WordCheck Engine Enhancements
WordCheck Engine Interface Enhancements
Status
- Current status: Brainstorming
- Driving developers: cpeel
- Informed developers: jmdyck
- Informed non-developers: garweyne, kraester
- Discussion threads: WordCheck development: WordCheck Engine
Introduction
This page is designed to track the status of any WordCheck engine enhancements and provide a central location for things brought up in a forum thread.
Please feel free to contribute to this document.
Feature status legend
indicates the feature has been pushed down to the production server
indicates the feature has been checked into CVS and likely available on the main test site or will be shortly
indicates the feature is coded in someone's sandbox (see list of sandboxes below)
indicates that some developer has vouched for the feature and is willing to code it or is in the process of doing so
Distilled features
These are some features/changes that were distilled from the discussion forum (with an attempt to attribute the thought to the poster with a link to the post where applicable). Feel free to add to these lists but don't modify the status unless you're the developer.
General
- forumpost:334902 kraester: Allow adding "words" with spaces (such as Prairie du Chien) to the Good Words List.
- forumpost:334916 garweyne: Use language-dependent word formation rules (as detailed in the aspell dictionaries); for example, belle-mère is one word in french, two in english.
- forumpost:334916 garweyne: Allow hyphens in words, even if not present in the language rules.
Proofer Suggestion text -> database conversion
Currently the words that proofers suggest are stored in a text file, one per project, in the format:
timestamp/round/page/proofer/word1 word2 ...
Each time a proofer makes suggestions (regardless of how they exit the interface), a line in the above format is added to the file. If a proofer runs WordCheck but does not make a suggestion - no line is added.

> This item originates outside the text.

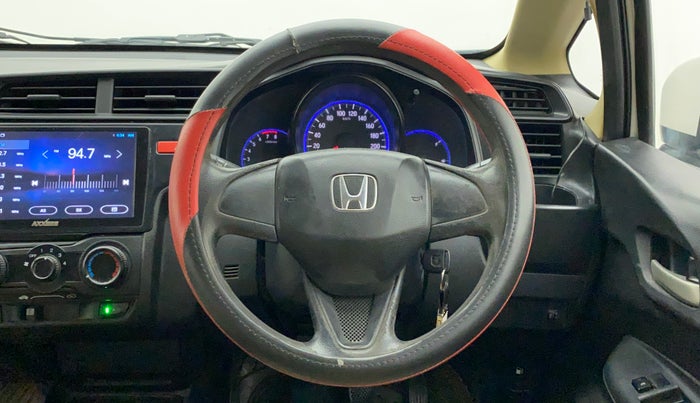 2015 Honda Jazz 1.2L I-VTEC E, Petrol, Manual, 67,759 km, Steering Wheel Close Up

garweyne had put forth the idea of using the suggestion file to track overall WordCheck usage, regardless of they have made a suggestion or not. During the discussion of implementing that change, it was proposed to move it to a more generic table that could be used to track not only WordCheck usage and related data, but also other page checks. Something like:
create table page_checks ( check_type char(4) not null, -- WC for WordCheck, maybe PC for Punctuation Check, etc projectid varchar(22) not null, timestamp int(10) unsigned not null, image varchar(12) not null, round_id char(2) not null, username varchar(25) not null, suggestions text, -- \n delimited list of suggestions corrections text, -- \n delimited list of corrections in wdiff form: {-ORIG-} [+NEW+] primary key(check_type,projectid,timestamp,image) );
This format would let us do the following things (and thus searches):
- Find all WC suggestions made for a specific project
select suggestions from page_checks where check_type='WC' and projectid='PID';
- Find all WC suggestions made after a specific point in time
select suggestions from page_checks where check_type='WC' and projectid='PID' and timestamp > NUM;
- Get a list of all pages that have been WordCheck'd in a given round:
select distinct image, timestamp from page_checks where check_type='WC' and projectid='PID' and round_id='RID' group by image;
Queries that would not be accessed completely via indexes with the above definition:
- Get a list of all proofers that interacted with a specific page
select username from page_checks where check_type='WC' and projectid='PID' and username='NAME';
Queries that would not use any index on the table above:
- Find all checks done on a specific page
select check_type from page_checks where projectid='PID' and image='IMAGE';
- Find all checks done on a specific project
select check_type from page_checks where projectid='PID';
It is unlikely that a punctuation check page would have 'suggestions', although it might have 'corrections'.
Testing sandboxes
None currently.